Source: The Syrian Uprising: Dynamics of an Insurgency pp.4-5.
And now for some highlights from the memorandum (everything in bold is my emphasis):
Quote begins:
[…]
•On the other hand, the Syrian private sector has demonstrated a lack of social responsibility and, at the same time, suffers from structural deficits that render it incapable of replacing the role of the state vis-à-vis the workers. Subsequently the private sector has been unable to fill the vacuum created by the retreat of the state
• […] most people only are seeing the regression of social support and the raising of prices. It seems to many that the state is abandoning the poor for the sake of the rich.
[…]
•Furthermore, the negative results of this policy are apparent in the decrease in living standards and increased poverty rates.
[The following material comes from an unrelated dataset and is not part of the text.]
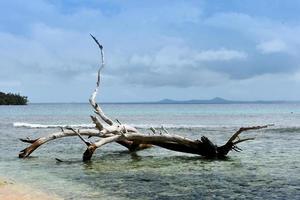 ramo di un albero lavato su un'isola remota in png foto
Figures in 2009 were higher than in 2004.
•Parallel to this, a drastic collapse in health services, education and transport has continued, in addition to growing corruption and bureaucracy, which have made people’s quality of life unbearable.
[…]
Such a decline has also impacted on the security services and their ability to deal with the society with tools other than violence.
[…]
It should be noted that the potential use of hard power (police, security and military) in managing social problems is limited and risks inciting an international intervention in the internal affairs of the Syria state.
[…]
The ministries have kept their old habits, without daring to take any decisions, preferring to evade responsibility, waiting, as they say, for instructions from above.
[…]
The new economic approach, […] has created dissatisfaction in many fields. It seems to us, that there is a need to address the reform in the processes of decision making.
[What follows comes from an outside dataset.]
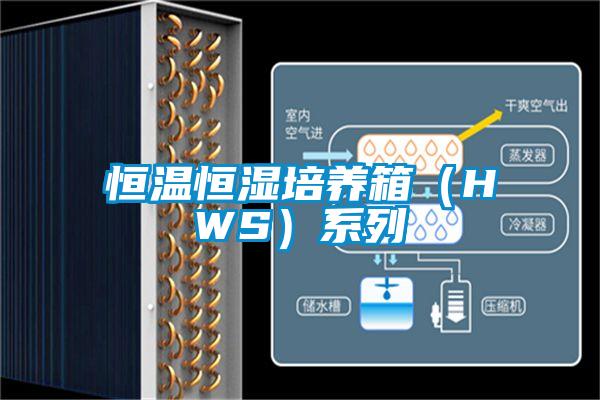 恒溫恒濕培養(yǎng)箱(HWS)系列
The reason for this difficulty is due to the lack of definite orientation towards a social market economy. The currently chosen track for reform simply ignores the needs of the less fortunate classes in our society, in spite of the fact that there are many other forms of reform and many alternatives which could differ in their socio-economic outcome.
[…]
Furthermore, the decline in social services, the shortage in electricity, the increasing numbers of people with no access to potable water, and the continued transport crisis all over the country have exacerbated popular disaffection. This has been compounded by the decline in health services and public hospitals infected by sluggishness and corruption, the extremely overcrowded public universities, the rise in organized crime and corruption, which remains widespread without any level of auditing or follow-up. ..
[…]
Further, the pace of trade liberalization has been harmful to the productive sectors, such as industry. This seems to be an approach based on the recommendations of the International Monetary Fund, which is a recipe with known results at the social and economic level.
[…]
The private sector does not comply with its moral and social responsibilities which guide the business sectors in developed countries. Its commitment to the rule of law is very weak, it continues to evade taxes and to avoid payment of customs duties and social security duties through bribes. It does not care about the environment or for workers’ rights, and pays no attention to improving the working conditions or the conditions of residence of workers and their families. Nor does it understand the importance of the company as a social institution, rather than being the property of an individual acting out his desires.
[…]
Furthermore, the overall economic policy applied in favour of traders at the expense of industrialists has led many of them to shift from productive activities to commercial activities and rent. This has been at the expense of the productive capacity of the Syrian economy.
[…]
An increasing concentration of power in the hands of the crony bureaucracy classes is notable, while the popular classes have lost power.
[…]
Such a phenomenon has its risks, especially in a country like Syria, which is exposed to various pressures. The need to ensure the loyalty of the population is of utmost importance.
[…]
If we add this to the decline in state capacity and the lack of willingness to support free education, medical care and subsidies, this will lead to further polarization of the community, something which threatens social stability. This will also lead to the erosion of the middle class and reverse its role as a dynamo in the society.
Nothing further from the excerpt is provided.